Tersingkir dari eropa sepertinya memberikan hikmah. Conte kembali ke pola andalan yang sangat dikuasainya, 3-5-2. Persetan dengan trikuartista-trikuartistaan! Perlahan Inter kembali seimbang, hal yang dicirikan Conte sejak musim lalu.
Seiring proses adaptasi taktik dan bahasa, pola lama ini justru memberi berkah pada Eriksen. Ia akhirnya dipercaya menempati posisi sebelas awal dengan peran barunya : mezzala sebelah kiri. Beberapa pengamat menyebut perannya menjadi double playmaker bersama Brozovic. Apapun itu, meski tanpa peran gelandang serang, Conte membuktikan bahwa Eriksen tetap bisa masuk ke taktiknya. Sejak mencetak gol kemenangan di Coppa Italia melawan Milan, Eriksen praktis selalu bermain sejak awal. Tepatlah kata pengamat bahwa gol itu menjadi titik balik kepercayaan diri mang Erik.
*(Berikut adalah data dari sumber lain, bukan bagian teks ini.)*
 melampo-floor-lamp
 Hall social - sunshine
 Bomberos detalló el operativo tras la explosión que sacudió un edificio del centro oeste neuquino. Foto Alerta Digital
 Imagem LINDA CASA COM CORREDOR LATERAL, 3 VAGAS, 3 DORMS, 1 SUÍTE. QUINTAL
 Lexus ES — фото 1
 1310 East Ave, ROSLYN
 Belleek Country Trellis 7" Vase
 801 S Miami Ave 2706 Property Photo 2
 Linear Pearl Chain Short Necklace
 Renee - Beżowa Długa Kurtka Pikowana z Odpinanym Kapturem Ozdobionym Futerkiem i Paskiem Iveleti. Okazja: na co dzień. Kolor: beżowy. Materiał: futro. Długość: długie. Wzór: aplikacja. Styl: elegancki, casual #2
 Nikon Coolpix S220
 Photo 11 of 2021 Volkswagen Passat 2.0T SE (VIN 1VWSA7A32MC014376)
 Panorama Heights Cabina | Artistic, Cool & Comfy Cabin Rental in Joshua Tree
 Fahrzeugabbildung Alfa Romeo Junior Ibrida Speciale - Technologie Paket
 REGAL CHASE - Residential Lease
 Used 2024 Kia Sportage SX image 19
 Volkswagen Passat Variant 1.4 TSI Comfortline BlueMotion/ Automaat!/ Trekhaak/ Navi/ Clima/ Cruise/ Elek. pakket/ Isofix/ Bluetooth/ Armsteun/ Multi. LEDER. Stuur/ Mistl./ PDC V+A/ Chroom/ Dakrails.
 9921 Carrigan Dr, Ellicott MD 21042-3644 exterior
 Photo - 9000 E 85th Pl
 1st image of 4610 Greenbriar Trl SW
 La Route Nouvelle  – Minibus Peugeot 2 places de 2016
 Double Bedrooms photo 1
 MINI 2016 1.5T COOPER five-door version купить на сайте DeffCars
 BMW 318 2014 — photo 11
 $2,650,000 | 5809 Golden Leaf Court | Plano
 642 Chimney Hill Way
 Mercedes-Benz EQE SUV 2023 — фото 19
Formasi ini juga menjadi pembuktian akan kepercayaan Conte pada Ivan Perisic. Pada awal musim, winger kroasia ini tidak cukup memuaskan bila bermain di bek sayap kiri. Tak heran posisinya sempat tergusur Ashley Young. Penggemar berceramah lagi : Perisic bukan wing back!
Conte berulang kali menekankan bahwa ia percaya bahwa Perisic mampu bermain di posisi itu.
"Perisic punya potensi yang bahkan ia sendiri tidak menyadarinya"
Kemenangan 0-3 pada derby della Madonnina lalu seolah menjadi penahbisan kepantasan Perisic di posisi barunya. Dua assits serta rangkaian aksi defensif dan ofensif menjadi highlight penampilannya malam itu.
Posisi puncak yang diraih Inter lewat deretan tujuh kemenangan menjadi jawaban Conte bahwa ia tetap bisa menang dengan pola andalan, bahkan dengan mengintegrasikan Eriksen dan Perisic di posisi yang tergolong baru bagi mereka.